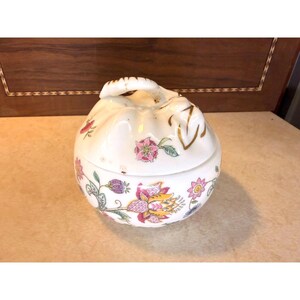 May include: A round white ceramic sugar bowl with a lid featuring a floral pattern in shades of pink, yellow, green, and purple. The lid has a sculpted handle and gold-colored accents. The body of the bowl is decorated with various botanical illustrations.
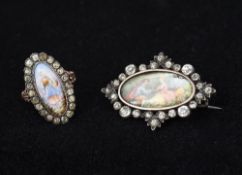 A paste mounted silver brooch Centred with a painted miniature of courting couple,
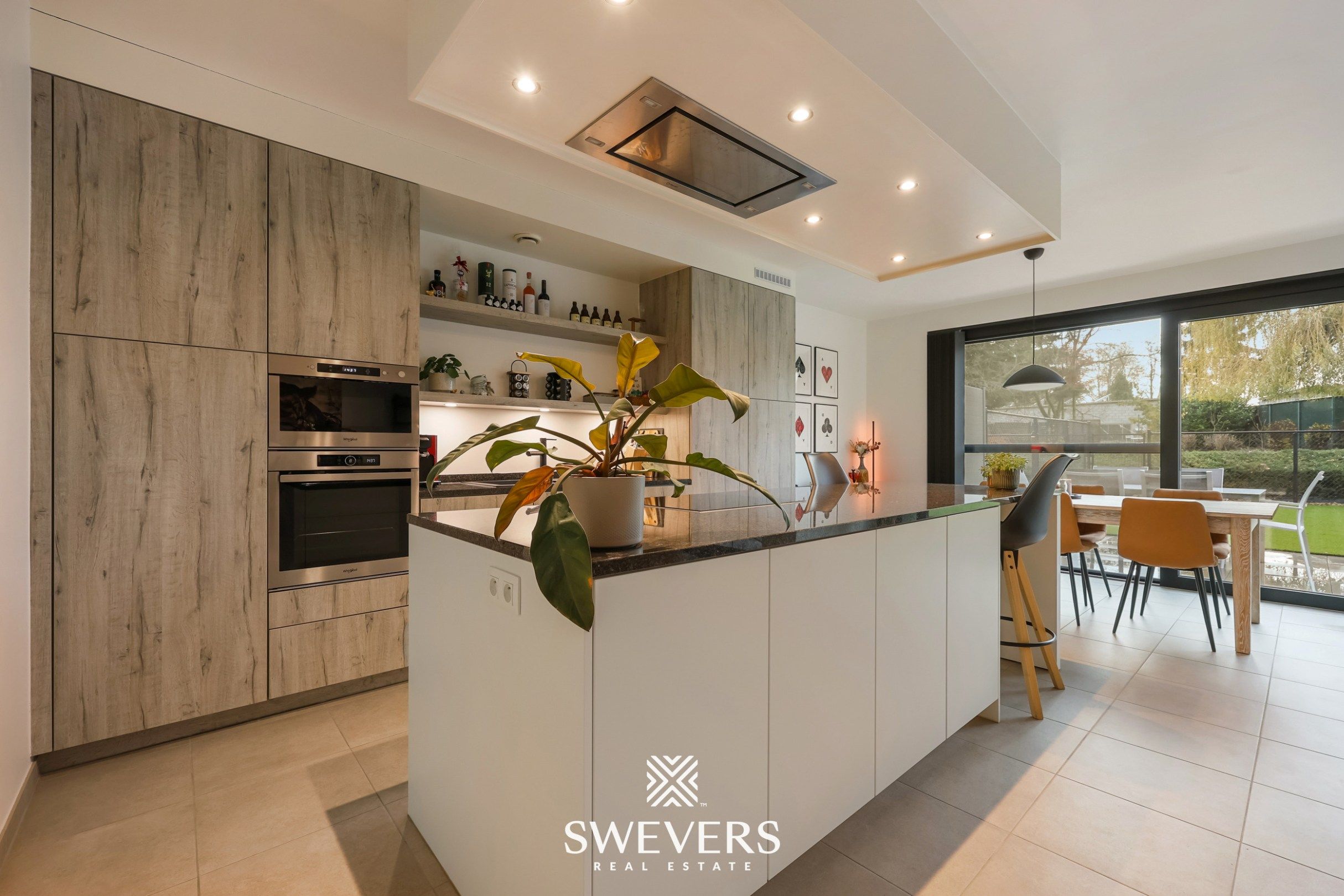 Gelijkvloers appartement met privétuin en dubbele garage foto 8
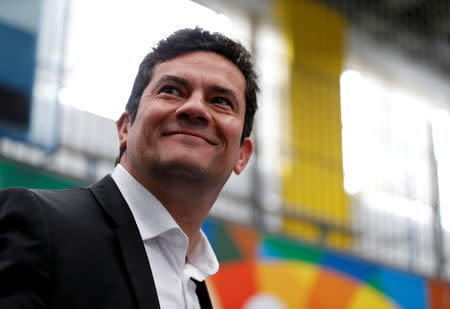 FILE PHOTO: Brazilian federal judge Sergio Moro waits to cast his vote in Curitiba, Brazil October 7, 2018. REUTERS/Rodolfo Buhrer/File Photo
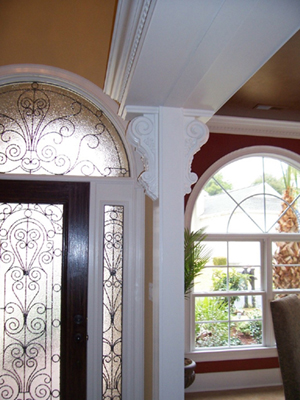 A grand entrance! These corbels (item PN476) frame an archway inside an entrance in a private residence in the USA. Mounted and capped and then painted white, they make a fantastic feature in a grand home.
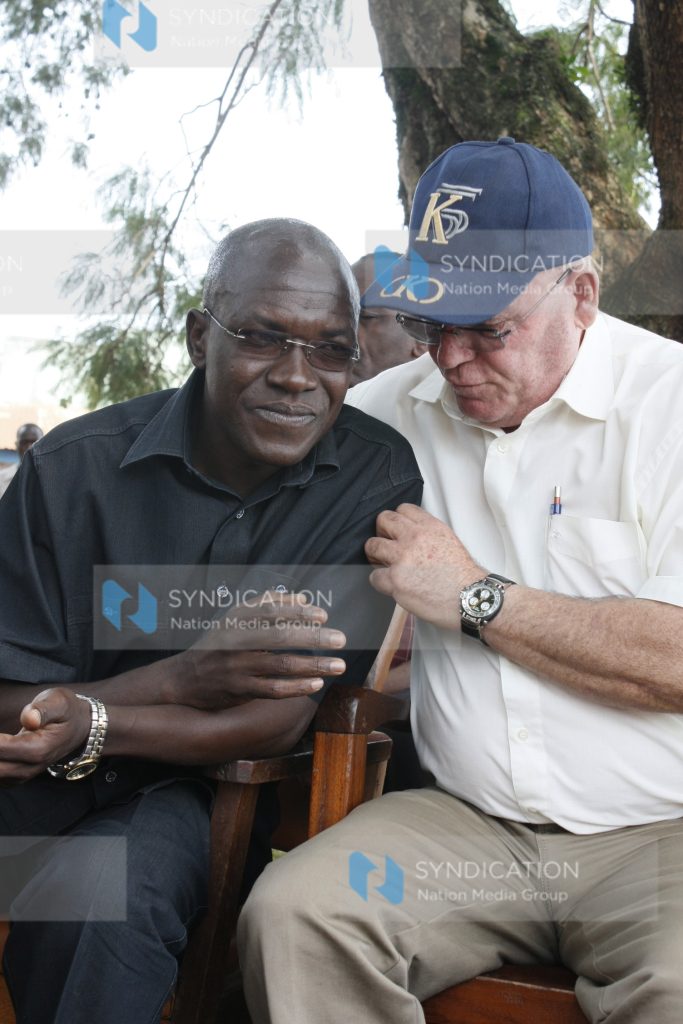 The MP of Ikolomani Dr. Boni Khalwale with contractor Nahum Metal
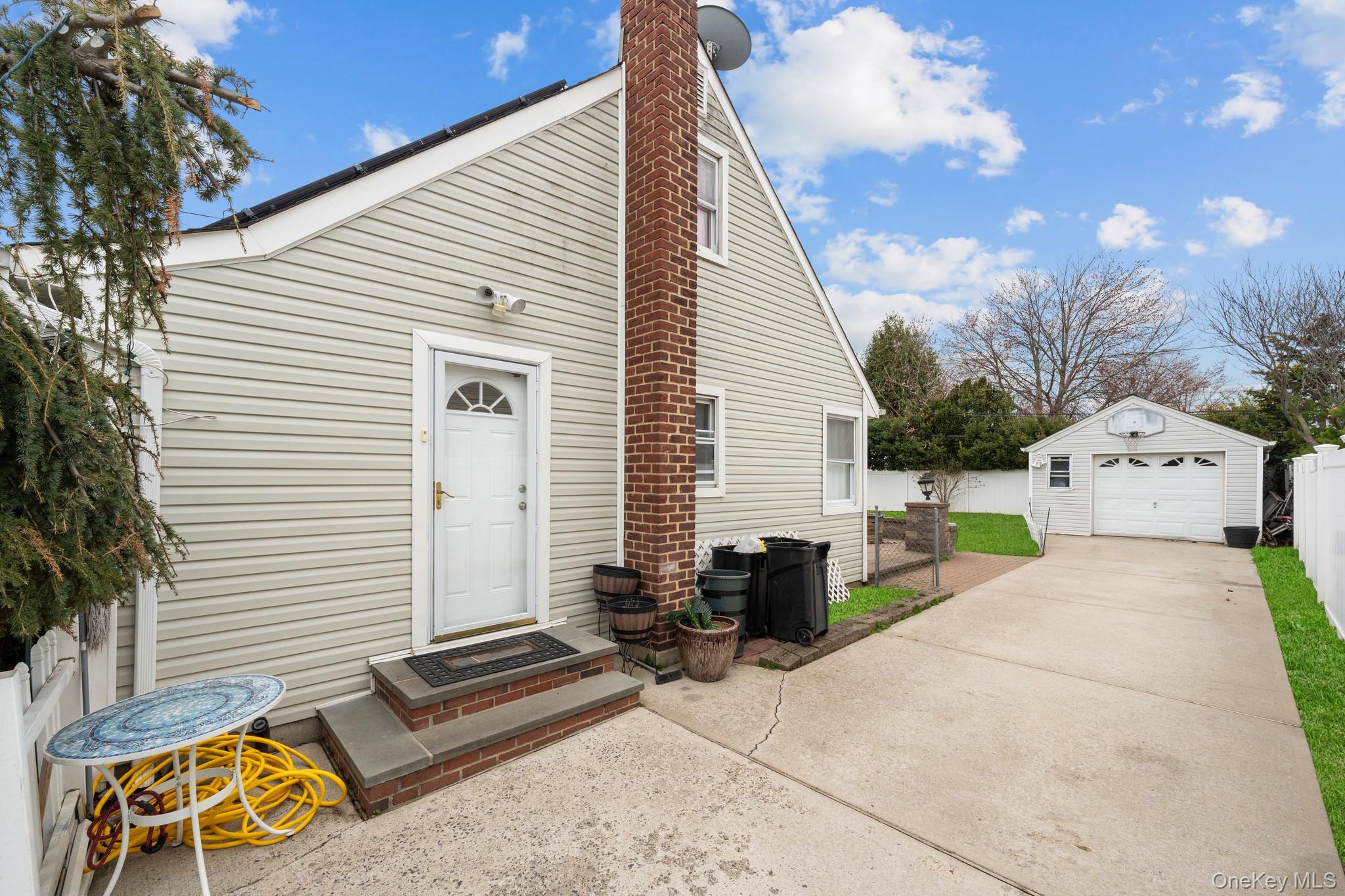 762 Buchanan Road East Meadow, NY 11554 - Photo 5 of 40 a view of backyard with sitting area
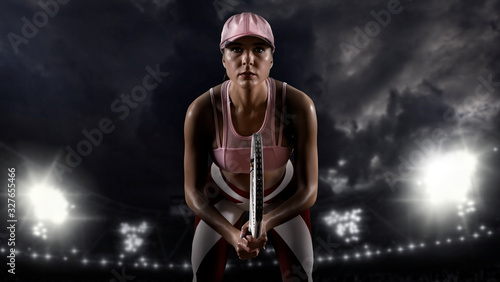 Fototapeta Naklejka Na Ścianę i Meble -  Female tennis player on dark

┄┄┄┄┄┄┄┄┄┄┄┄┄┄┄┄┄┄┄┄

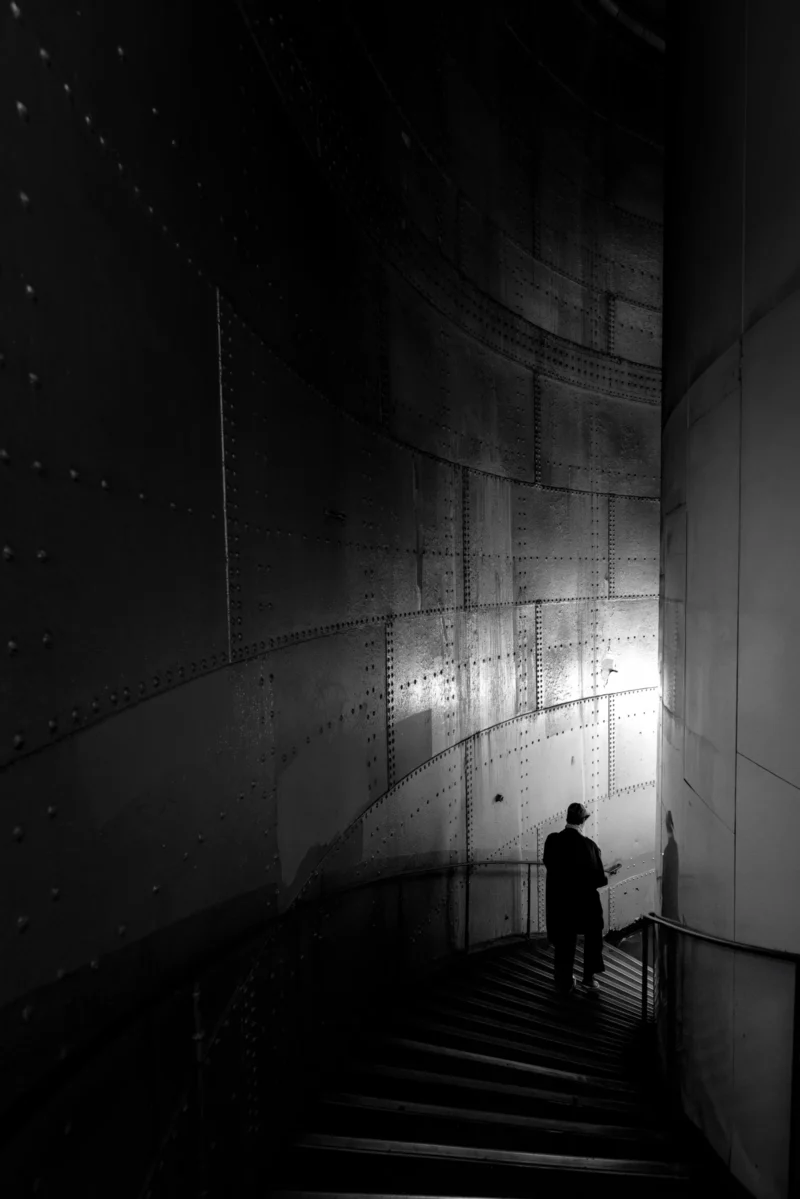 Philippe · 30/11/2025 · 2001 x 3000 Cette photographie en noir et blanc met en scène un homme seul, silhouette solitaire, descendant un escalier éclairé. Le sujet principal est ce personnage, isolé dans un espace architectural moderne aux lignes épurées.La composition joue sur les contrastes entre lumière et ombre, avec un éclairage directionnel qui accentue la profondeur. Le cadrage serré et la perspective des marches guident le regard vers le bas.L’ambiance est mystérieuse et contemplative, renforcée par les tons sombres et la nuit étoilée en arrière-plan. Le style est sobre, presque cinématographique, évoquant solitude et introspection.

┄┄┄┄┄┄┄┄┄┄┄┄┄┄┄┄┄┄┄┄

* [WHAT IS REQUIRED]
Given the listing above, retype only the span of lines from the line with "May include: A" up to and including the line with "The MP of Ikolomani", exactly as it stands and without pictures.

* [FINISHED EXERCISE]
 May include: A round white ceramic sugar bowl with a lid featuring a floral pattern in shades of pink, yellow, green, and purple. The lid has a sculpted handle and gold-colored accents. The body of the bowl is decorated with various botanical illustrations.
 A paste mounted silver brooch Centred with a painted miniature of courting couple,
 Gelijkvloers appartement met privétuin en dubbele garage foto 8
 FILE PHOTO: Brazilian federal judge Sergio Moro waits to cast his vote in Curitiba, Brazil October 7, 2018. REUTERS/Rodolfo Buhrer/File Photo
 A grand entrance! These corbels (item PN476) frame an archway inside an entrance in a private residence in the USA. Mounted and capped and then painted white, they make a fantastic feature in a grand home.
 The MP of Ikolomani Dr. Boni Khalwale with contractor Nahum Metal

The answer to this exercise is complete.